We don’t give date estimates for bug fixes. Quit asking.

As a long time product manager, one of my pet peeves is the bug/hotfix process.  Stepping back, we have a well defined triage process, where a good team of dev, support, and support engineers (as well as myself) sit in a room, and agree on priority, severity, and even whether it is a defect, or just desired different behavior requested.  This works well.

Issues are brought in, verified, assigned severity (and if there is a work around, that lowers the severity, as you would expect), and tossed into the queue.

The maintenance team, 3 developers, then pull items from the queue in FIFO with some stack ranking due to priority.  At any one time we have 30 – 60 issues in queue.

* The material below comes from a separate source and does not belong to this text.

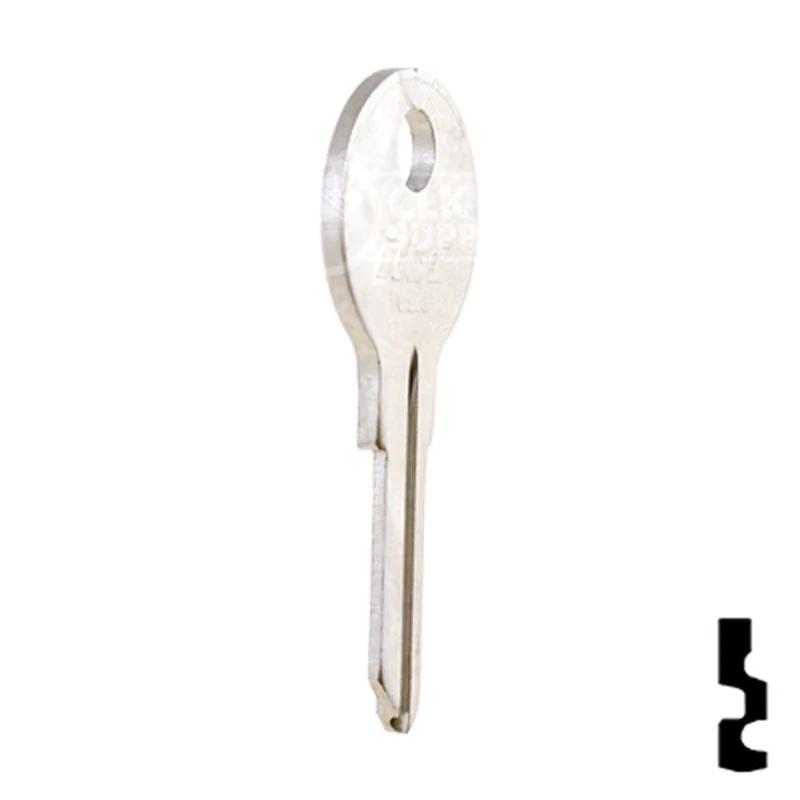 Uncut Key Blank | Hudson | 1525 - Image 5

What this rant is about is the constant badgering I get from sales.  “When will issue X be done?”  “Why isn’t {insert pet issue} done yet”, “I am going to go to the division GM if you can’t give me this this week”, among other less printable comments.

As there is a queue, and it is ranked by priority and severity, we get to them as we get to them.  We do not make duse dates available.  I will not commit to more than “It is in the queue, and the team will address it”.  

Sigh, I seem to lose 2 hours a week in these pointless discussions.  I have an idea, why don’t you find a bug in Windows, and call Microsoft support.  See how much “pull” you have there.

Comments

One response to “We don’t give date estimates for bug fixes. Quit asking.”

  1. Geoffrey Anderson Avatar
    Geoffrey Anderson

    Good points, Guy. However, sales are a different breed. Regardless of how rational your prioritization, and backlog prioritization, they will see that their immediate issue should be highest (even if it is just fixing a typo in the Italian translation on a dialog).Thanks for sharing!